**DATA RECORDS**

BEGIN

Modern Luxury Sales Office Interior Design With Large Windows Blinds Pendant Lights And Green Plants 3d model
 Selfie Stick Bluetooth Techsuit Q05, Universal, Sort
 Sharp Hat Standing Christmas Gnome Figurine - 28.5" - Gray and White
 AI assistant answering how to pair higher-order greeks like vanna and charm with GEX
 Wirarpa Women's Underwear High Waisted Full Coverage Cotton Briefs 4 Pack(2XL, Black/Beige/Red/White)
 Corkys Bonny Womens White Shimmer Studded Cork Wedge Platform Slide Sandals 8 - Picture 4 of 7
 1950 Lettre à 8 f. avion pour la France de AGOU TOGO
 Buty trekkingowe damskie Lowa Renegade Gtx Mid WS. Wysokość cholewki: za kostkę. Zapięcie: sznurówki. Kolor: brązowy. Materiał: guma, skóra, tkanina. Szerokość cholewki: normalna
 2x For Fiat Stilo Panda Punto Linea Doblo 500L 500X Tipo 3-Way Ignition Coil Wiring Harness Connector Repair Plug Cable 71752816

END

**ACTION ITEM**
Your answer must be the lines from the one that contains "1950 Lettre à" through the last line of the entries above, copied exactly, with no other lines.

**PROBLEM SOLUTION**
 1950 Lettre à 8 f. avion pour la France de AGOU TOGO
 Buty trekkingowe damskie Lowa Renegade Gtx Mid WS. Wysokość cholewki: za kostkę. Zapięcie: sznurówki. Kolor: brązowy. Materiał: guma, skóra, tkanina. Szerokość cholewki: normalna
 2x For Fiat Stilo Panda Punto Linea Doblo 500L 500X Tipo 3-Way Ignition Coil Wiring Harness Connector Repair Plug Cable 71752816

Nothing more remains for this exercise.